I have to say that the premise of this thread strikes me as a little peculiar. Asking people to list things that are out of print is a bit like saying “list people who have died” or “list businesses that have gone under.” Published materials go out of print all the time, everywhere, and there’s nothing unusual or remarkable about it.
Also, as Darren Garrison notes, the OP is using a non-standard definition of “out of print.” Many OOP items are available through third-party sellers on Amazon; that’s my first stop when looking for anything that’s out of print. If you include abebooks.com in the mix, then you can find practically any book you can think of. I can’t understate how much easier it is to find OOP books now. In the 1980s and 90s I went to considerable time and effort to acquire all of my favorite author’s novels, most of which were long out of print; this involved writing to rare book dealers to request catalogs, asking bookstore owners to call me when something came in, visiting used book dealers when I traveled, etc. Now I could probably order all of them in an hour without getting up from my comfy chair.

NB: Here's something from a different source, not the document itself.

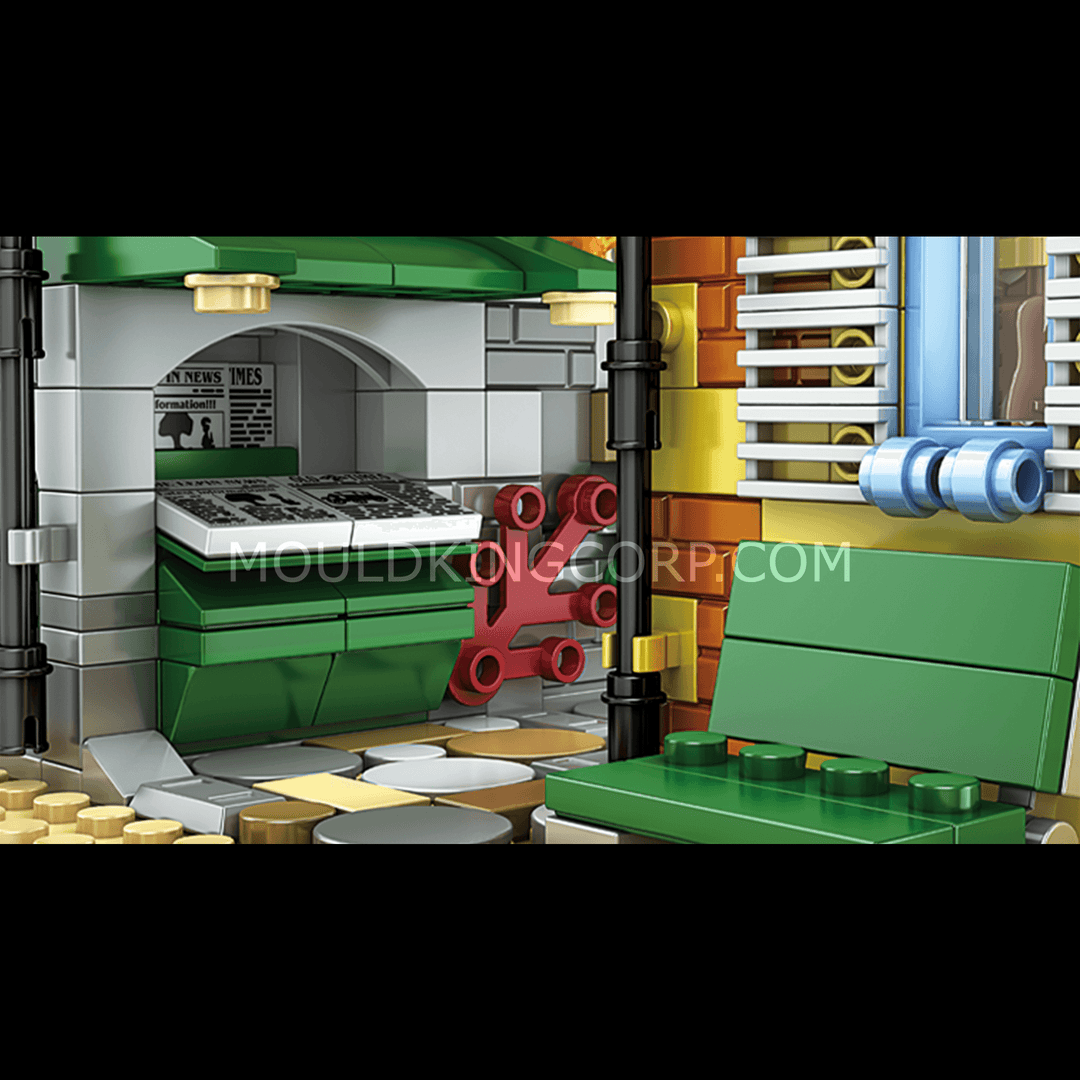 MOULD KING 16008 Coffee House Building Set | 3,103 PCS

As a couple of people have pointed out, libraries are an excellent option if you don’t need to own a book yourself. Your local public library would be happy to get things for you via interlibrary loan (although you might need to travel if you want to see something particularly rare). I spent 30 years working in university libraries, and they have so many out of print books that they’re constantly running out of space to store them.
That’s an excellent point. Publishers can keep ebooks on their backlist indefinitely, without the expense of maintaining a physical inventory. I’d consider such things “in print,” even if the publisher has stopped printing paper copies.
This is a major complaint of authors. For older book contracts, a book that remains in print is still licensed to the publisher. This means that the author cannot get his rights back. So if someone wants to republish your old novel in a deluxe edition, you can’t agree to it as long as it’s available online via POD.
Rights used to revert to the author after a set period. At that point, the author could try to publish the book in a new edition. This option doesn’t exist if the book remains in print, and publishers often point to POD or ebooks as proof the book is in print.
Older books usually reverted to their author. Recent novels usually define “in print” in such a way as to prevent this. But there’s a large number of novels in the 90s and 00s that remain in print indefinitely.
A lot of artists are now self-publishing and producing CDs on their own; I see this with lots of people on Bandcamp. So they print up, say 1000 CDs and when they’re gone, they’re gone.
That’s a pretty enervated standard. You’re basically saying something should be considered “in print” as long as it’s possible to print a copy if somebody wants one. But that standard, I could say that my collected posts on this board are in print.